**Provided data**
● ● ●

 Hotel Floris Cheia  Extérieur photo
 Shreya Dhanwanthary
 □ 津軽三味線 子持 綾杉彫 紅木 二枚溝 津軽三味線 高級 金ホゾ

● ● ●

**Work item**
Each line of the data above is to be duplicated exactly.

**Answer area**
 Hotel Floris Cheia  Extérieur photo
 Shreya Dhanwanthary
 □ 津軽三味線 子持 綾杉彫 紅木 二枚溝 津軽三味線 高級 金ホゾ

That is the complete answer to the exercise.